### ABOUT THIS TASK
Pictures in the listing below are skipped, while the lines from the "306 Bellevue Boulevard" line through the "Dung dịch rửa" line are returned word for word.

### THE DATA
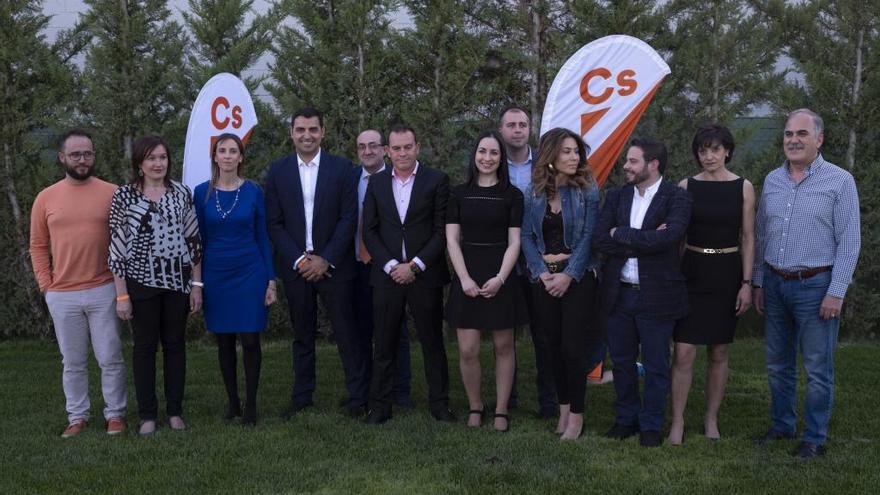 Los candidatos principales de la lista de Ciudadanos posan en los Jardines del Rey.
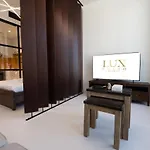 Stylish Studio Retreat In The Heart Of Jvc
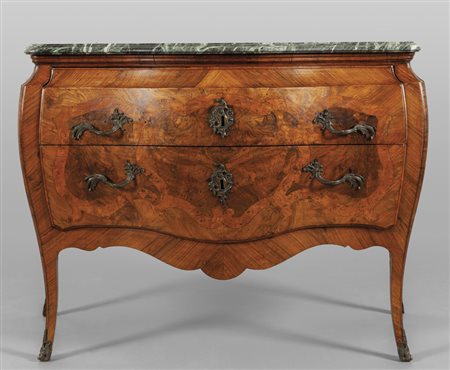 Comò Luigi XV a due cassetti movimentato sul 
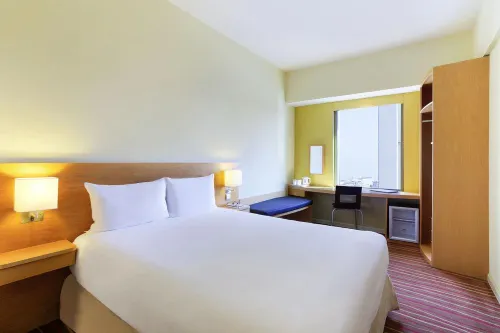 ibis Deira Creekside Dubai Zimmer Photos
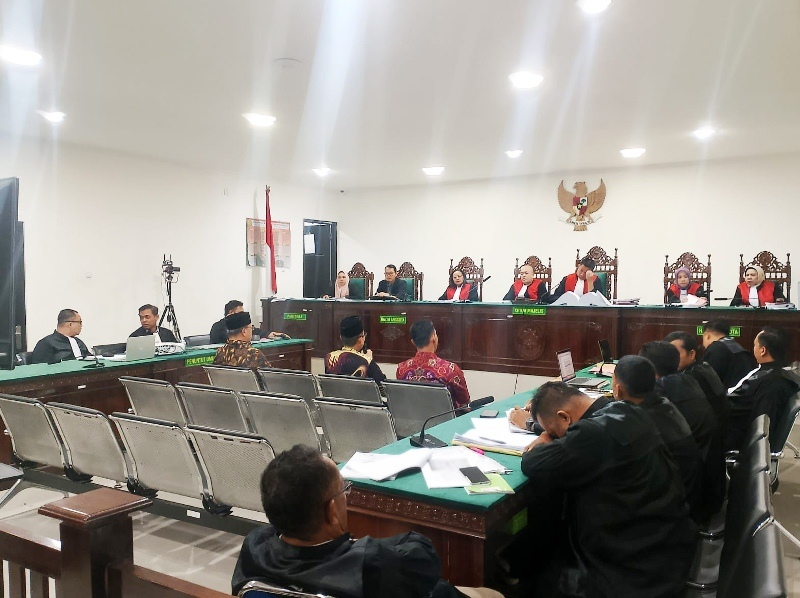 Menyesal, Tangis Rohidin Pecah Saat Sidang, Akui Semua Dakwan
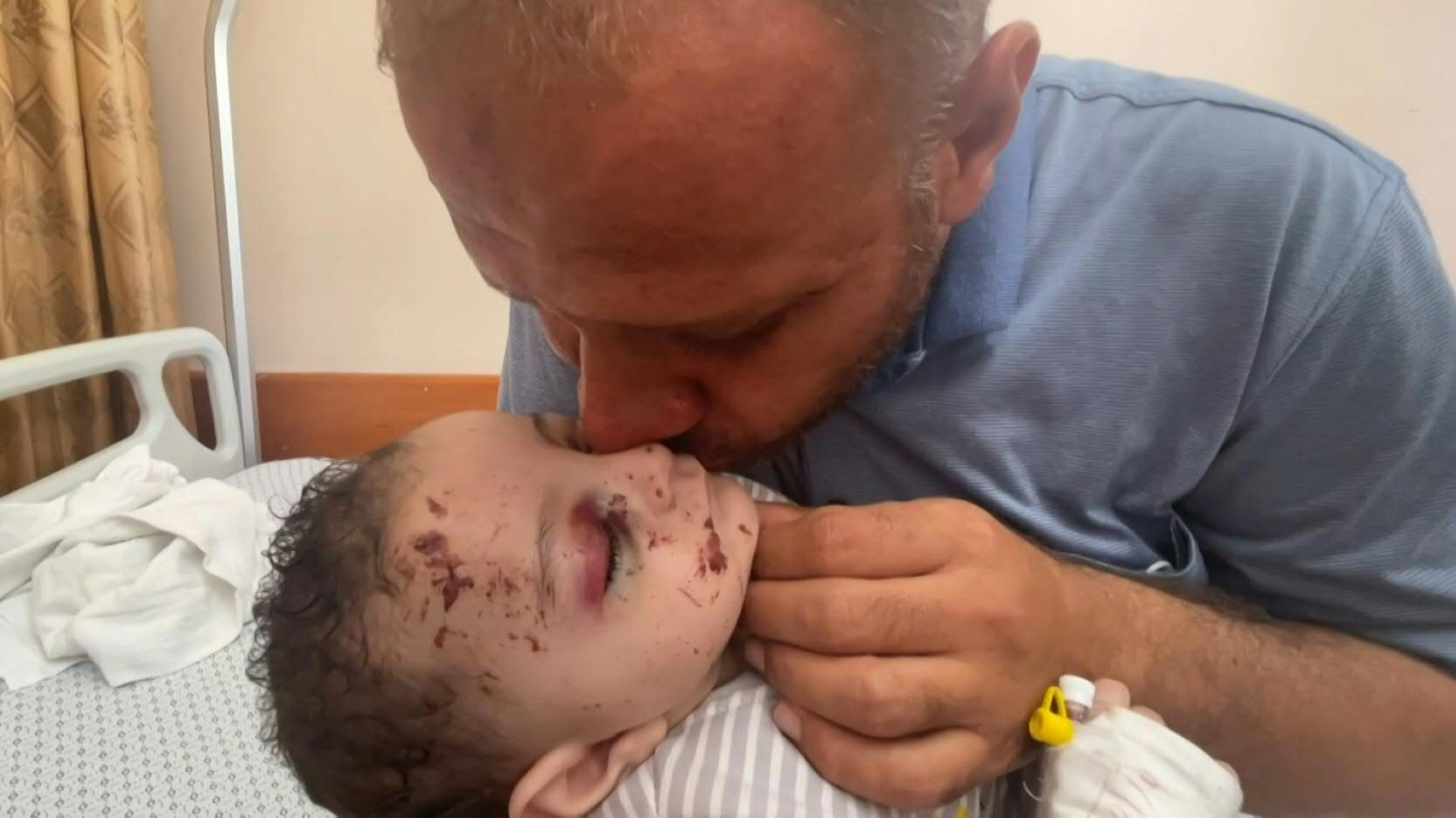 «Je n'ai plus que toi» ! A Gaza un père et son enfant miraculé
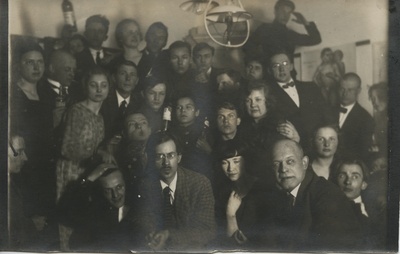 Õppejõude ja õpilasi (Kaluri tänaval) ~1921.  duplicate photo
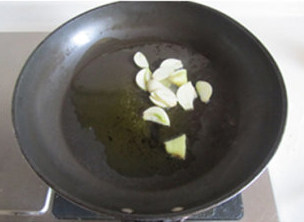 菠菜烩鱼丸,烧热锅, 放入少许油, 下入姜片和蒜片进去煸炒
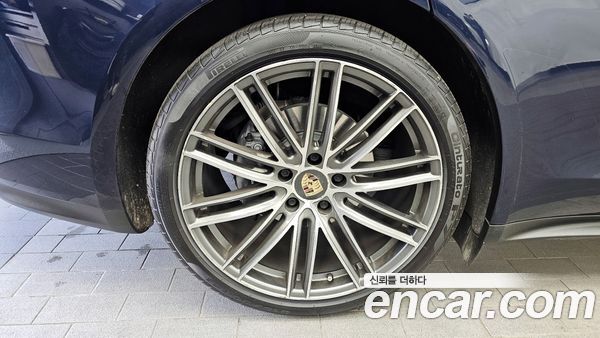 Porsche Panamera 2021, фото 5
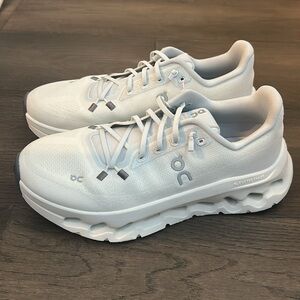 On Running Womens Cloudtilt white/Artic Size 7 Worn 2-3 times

---

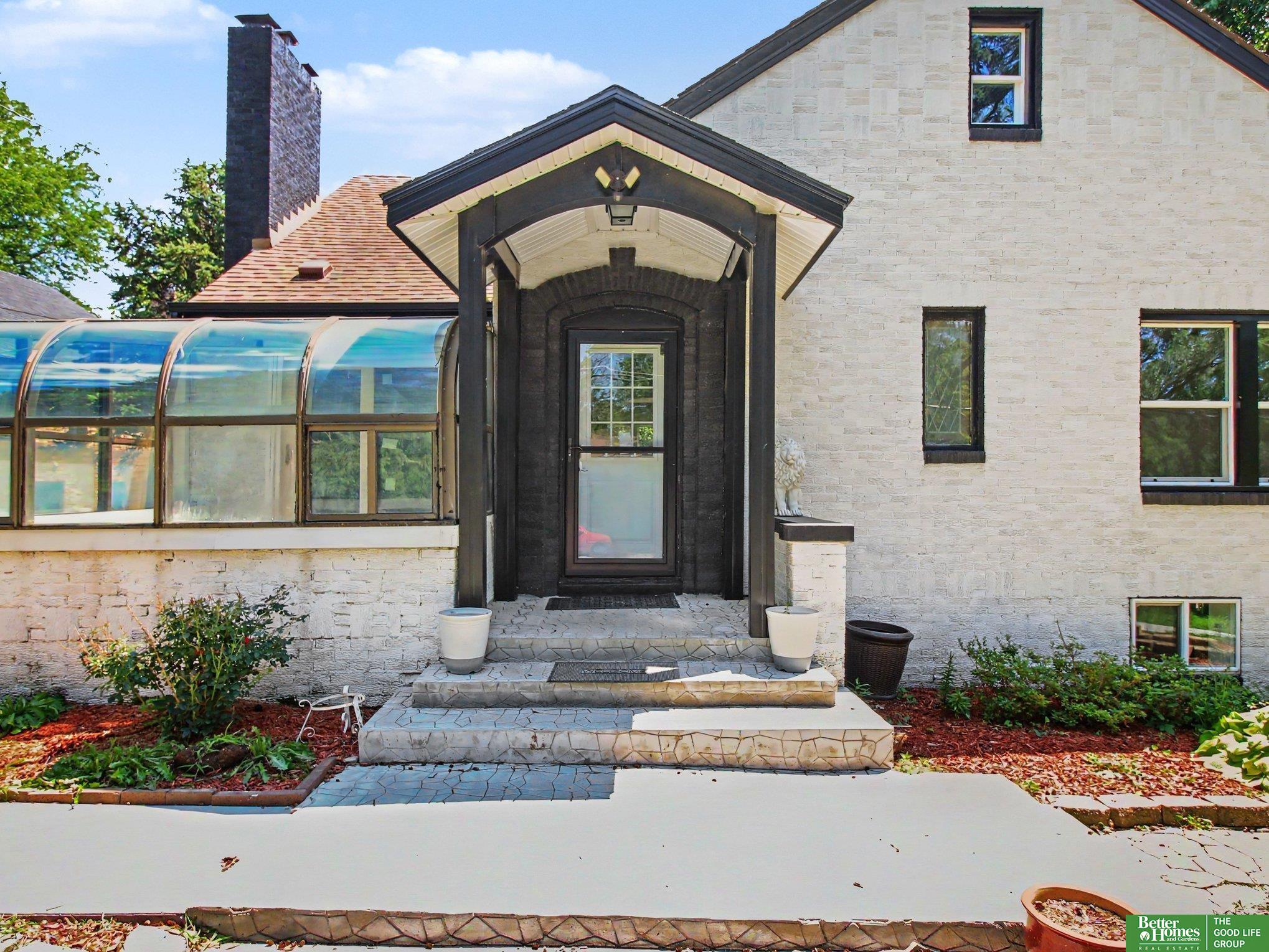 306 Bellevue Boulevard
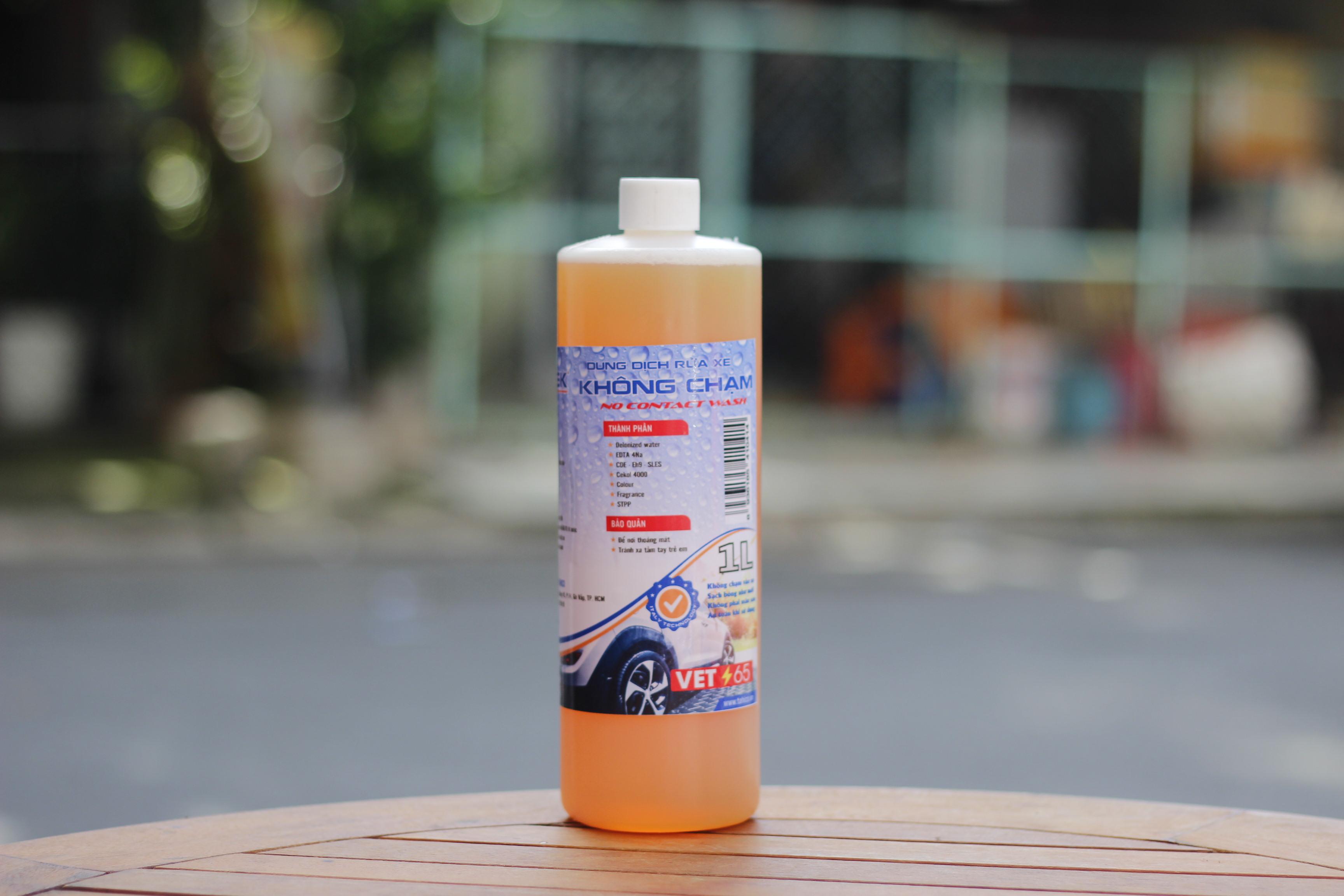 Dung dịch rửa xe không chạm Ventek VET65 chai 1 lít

### REPLY TO THE EXERCISE
 306 Bellevue Boulevard
 Dung dịch rửa xe không chạm Ventek VET65 chai 1 lít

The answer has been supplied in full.